Caused by: org.apache.kafka.clients.consumer.CommitFailedException: Transaction offset Commit
failed due to consumer group metadata mismatch: Specified group generation id is not valid.
at org.apache.kafka.clients.producer.internals.TransactionManager$TxnOffsetCommitHandler.handleResponse(...)
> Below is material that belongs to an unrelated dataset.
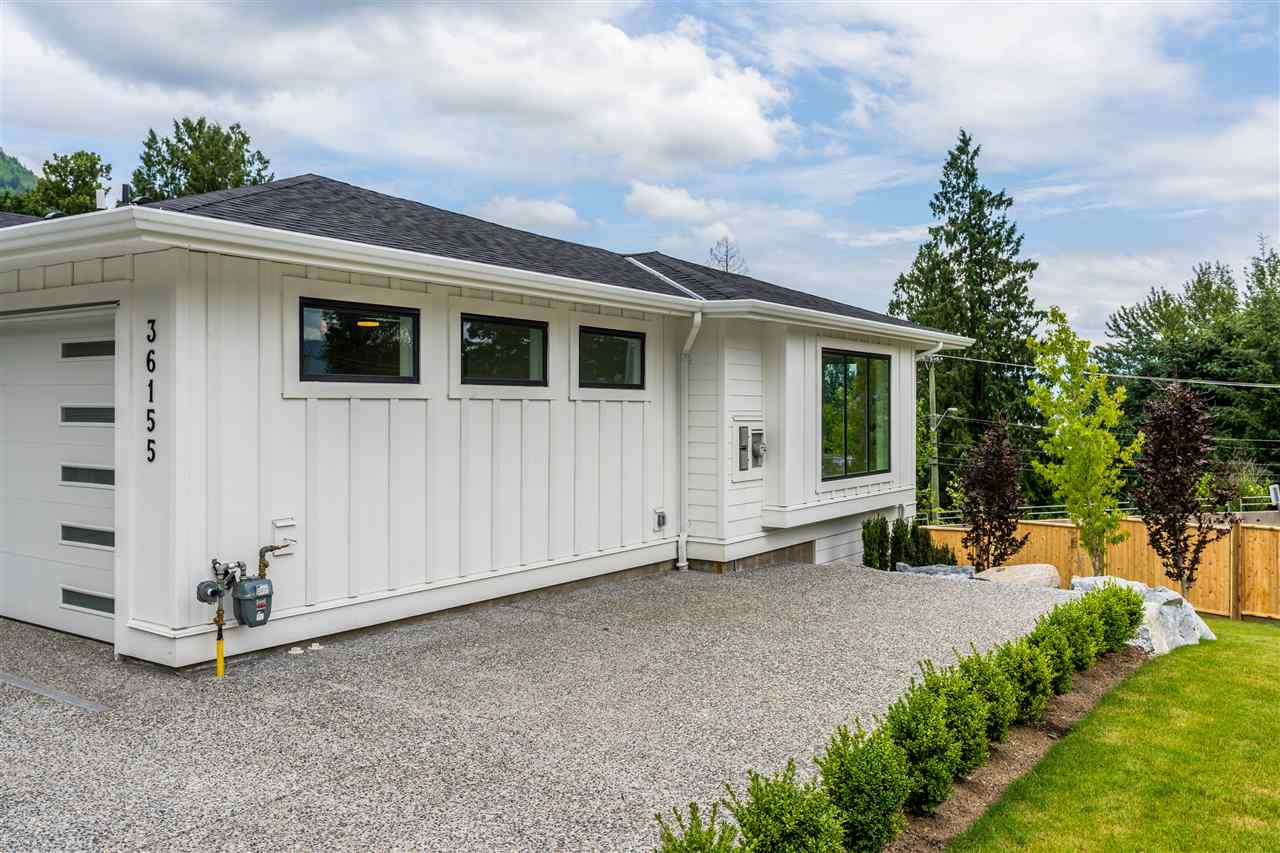 36155 Lower Sumas Mountain Road, Abbotsford, BC, V3G 1E1 R2509538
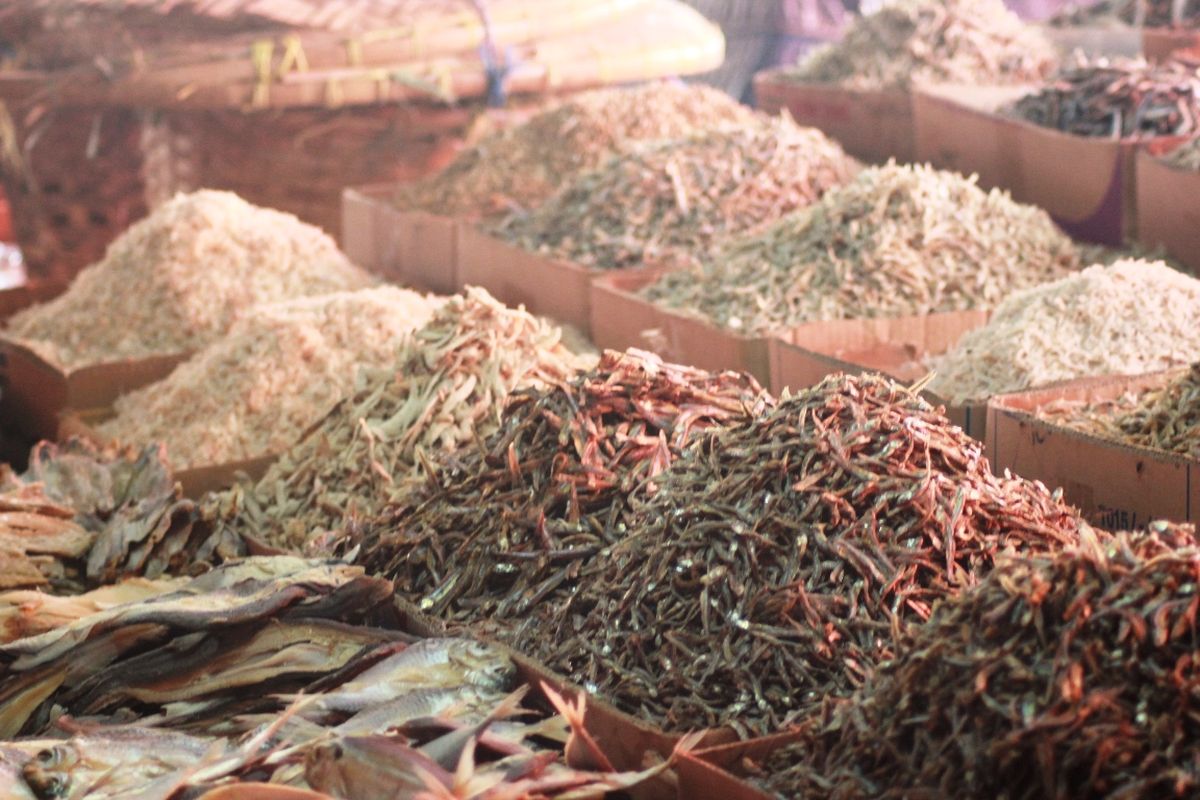 Stok ikan asin laut di Pasar Induk Cianjur, Jawa Barat jelang Ramadan tahun ini melimpah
This is a transient, expected failure mode under re-balance — the consumer-group
generation id captured in producer.sendOffsetsToTransaction(...) becomes stale by the time
the broker validates it. The same applies to InvalidProducerEpochException when the
producer epoch is bumped mid-flight. Both should be recoverable, not fatal.

Root cause

In Channel.send() the flow is:

producer.beginTransaction();
recordList.forEach(producer::send);
producer.sendOffsetsToTransaction(offsetsToCommit, KafkaUtils.consumerGroupMetadata(context));
producer.commitTransaction();   // <- raises CommitFailedException on stale generation id

The previous catch block aborted the transaction and rethrew the exception unchanged, so it
propagated as a non-retriable failure into WorkerSinkTask.deliverMessages and killed the
task.

Fix

Channel.send() now distinguishes recoverable re-balance failures from fatal ones:

Recoverable (CommitFailedException, InvalidProducerEpochException, including when
wrapped in another KafkaException): abort the transaction and translate to
org.apache.kafka.connect.errors.RetriableException. Connect's framework then pauses the
consumer, retains the message batch, and re-delivers it after the re-balance settles. The
aborted transaction never advanced source offsets, so once the partitions are reassigned
the new owner resumes from the last broker-committed offset — no data loss. Any data files
flushed before the abort become orphans, recoverable by Iceberg's orphan-file expiration.

CommitterImpl.processControlEvents adds a RetriableException log line at info level so
the re-balance recovery is visible in task logs but doesn't surface as an error.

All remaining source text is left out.